AIM OF THE EXERCISE
Exact copies of all the lines below are needed, without the pictures.

DATA EXCERPT
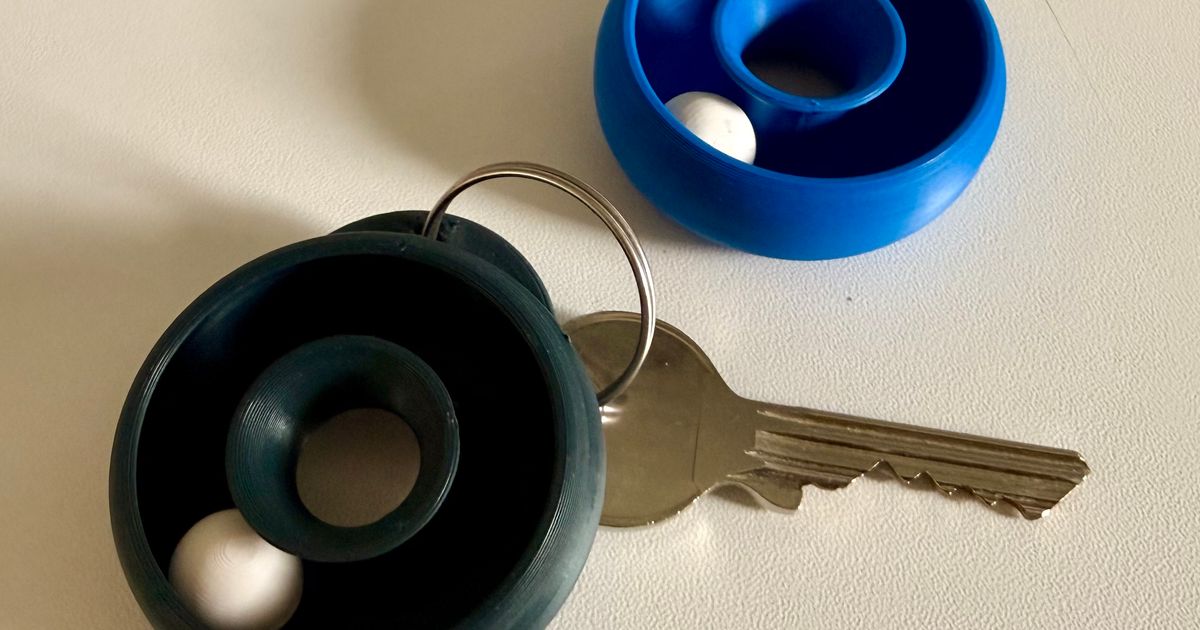 Donut Marble Fidget Keychain by vmLOGIC | Download free STL model | Printables.com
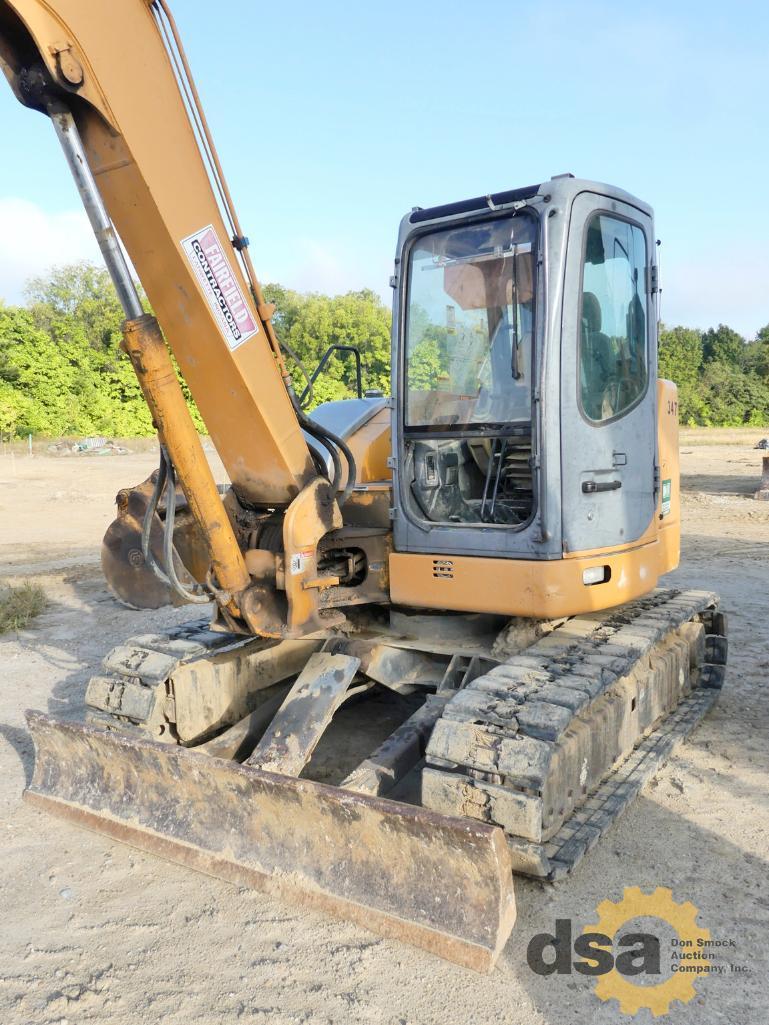 2008 Case CX80 Excavator, S/N DAC080K3N8SLB7125, Meter Reads 5,819 Hours, Cab, Heat, Quick Coupler,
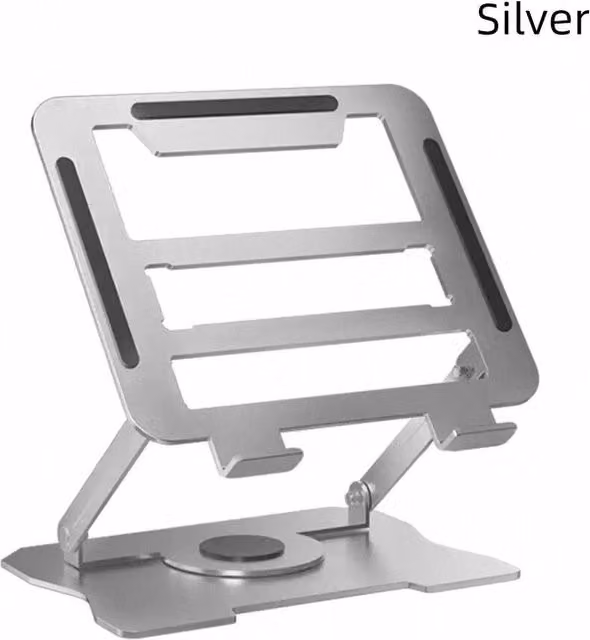 SPETLEK All Metal Portable Laptop and Tablet Stand in Silver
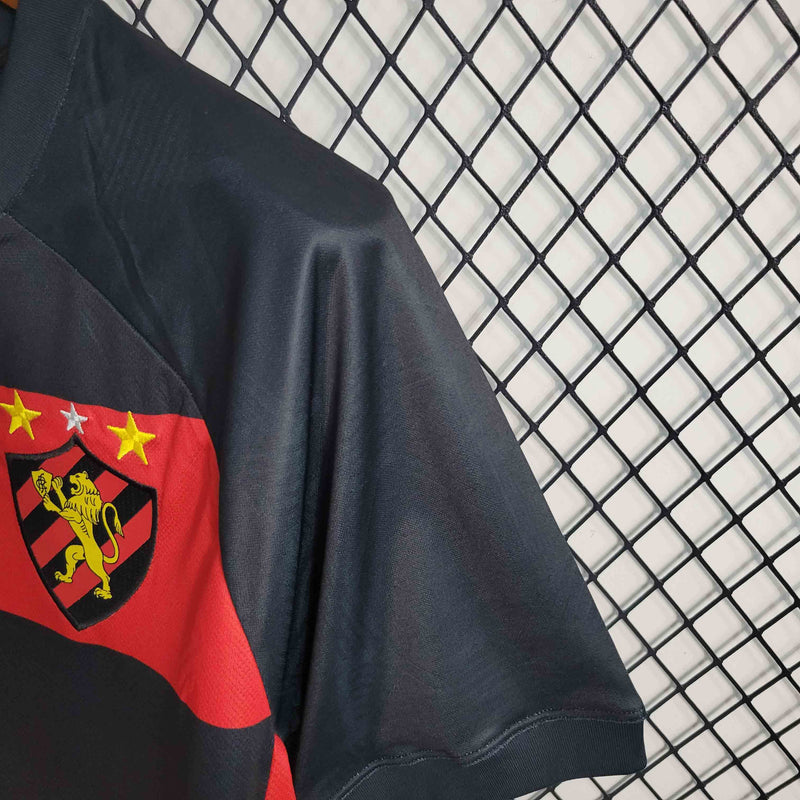 Camisa Sport Recife I 23/24 - Torcedor Umbro - Vermelha e Preta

EXERCISE OUTPUT
 Donut Marble Fidget Keychain by vmLOGIC | Download free STL model | Printables.com
 2008 Case CX80 Excavator, S/N DAC080K3N8SLB7125, Meter Reads 5,819 Hours, Cab, Heat, Quick Coupler,
 SPETLEK All Metal Portable Laptop and Tablet Stand in Silver
 Camisa Sport Recife I 23/24 - Torcedor Umbro - Vermelha e Preta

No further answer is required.